Trends in marketing with the best potential for commercial growth
Update: My review of 22 Digital Marketing Trends 2014
Throughout the year I’m asked about What’s New, What’s Hot and What’s Next. This is one of the reasons why we’ve created the [What’s New in Marketing" updates, to give a monthly summary to help people working in marketing and using digital technologies see the latest developments which really matter. So much of what’s discussed daily in digital marketing is useful or interesting, but just noise.
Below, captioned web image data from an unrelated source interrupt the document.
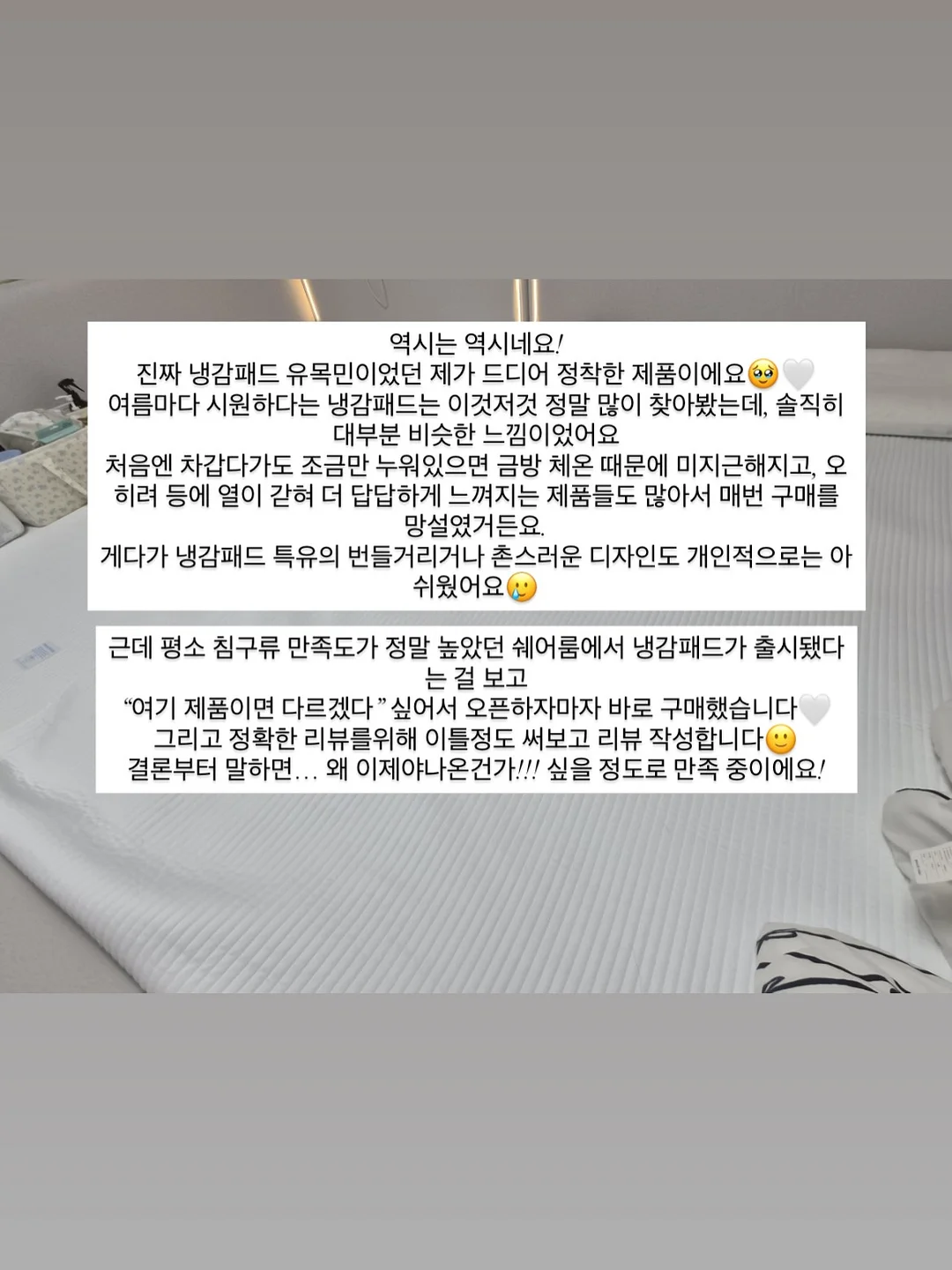팁스팁스 네일팁 10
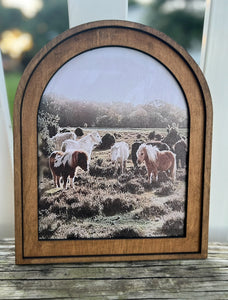 Southwest and Farm Framed Canvas Prints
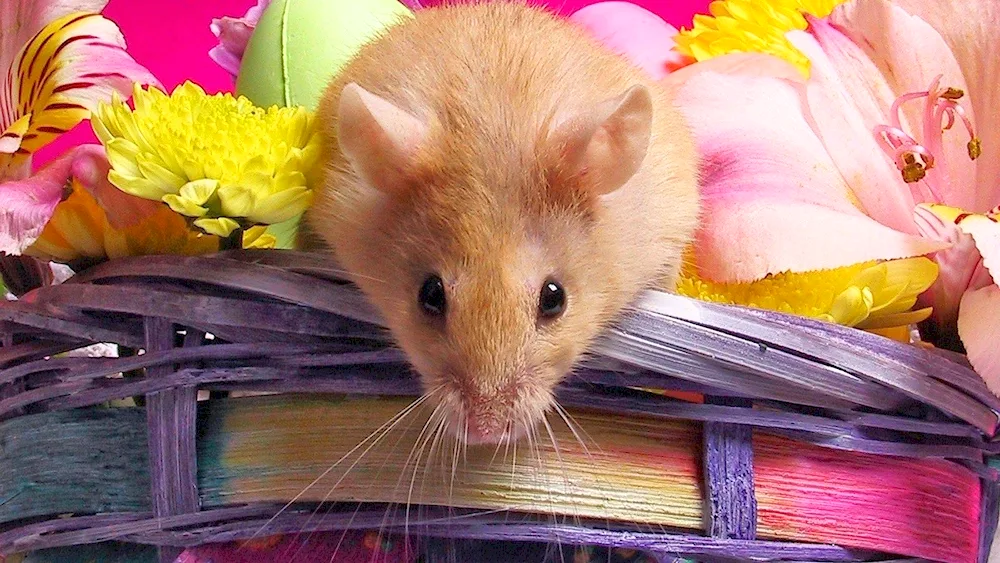 Syrian hamster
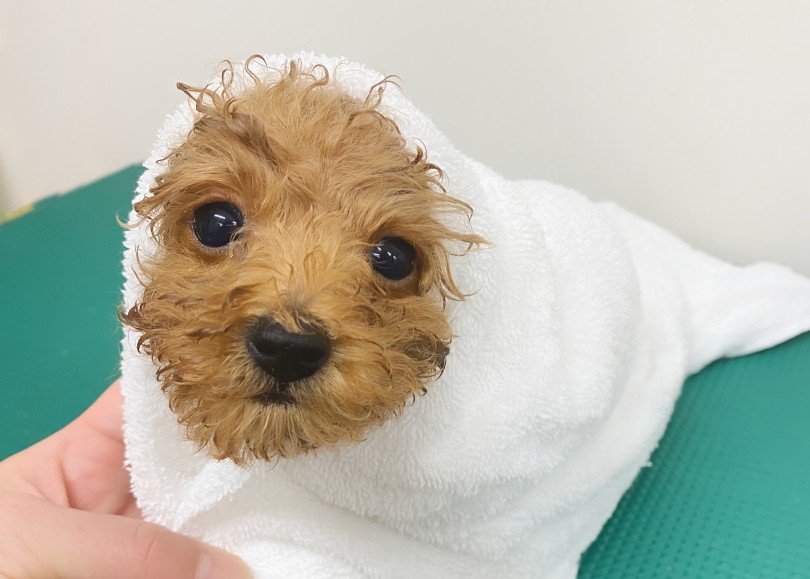 タオルドライをしっかり | トイ・プードル （06-342） - 横浜 大倉山店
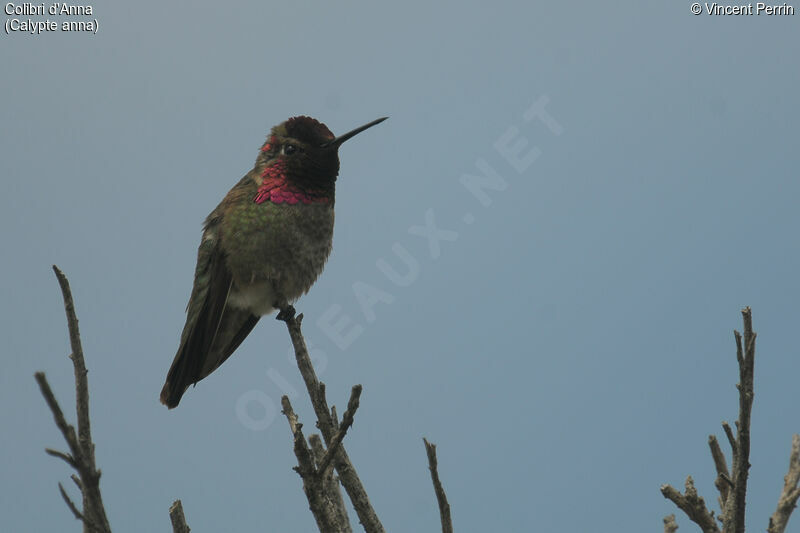 Colibri d'Anna mâle adulte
In this review I will focus on the major trends which we think will be significant in 2013. What’s "significant’? These are marketing activities where we expect to see the most increased investment and focus in 2013. The activities will gain the funding since they will have the biggest impact in creating additional leads and sales and strengthening brands. It doesn’t focus on the latest new Ecommerce technologies and marketing techniques, I will create an additional post on this.
Poll - what do you rate as the most important digital marketing trends
In this review I picked out what I saw as the major trends in marketing activities and asked readers to vote on what they saw as important. These are the results:
The trends are listed in the poll in alphabetical order, with my list later in this post in order of how I see popularity. It will be interesting to see how they compare. I have put my eight trends in order of current interest in marketing based on marketers I’ve spoken to while at conferences, workshops or when consulting. I have spoken at three mobile marketing conferences in the Autumn, so that skews it a bit, but does indicate the interest.
1. Mobile marketing
The importance of mobile marketing varies dramatically by sector. It’s incredibly important to sales in some consumer markets where there is a sweet spot of mobile use to sales. In other types of business, the proportions of tablet and smartphone access are lower, less than 10% in some cases, but they’re only heading in one direction. The debate continues as to whether mobile access will exceed desktop by 2014 or 2015 (see our mobile statistics post for the latest). See the latest Mary Meeker review at the end of this post for more on trends in mobile adoption.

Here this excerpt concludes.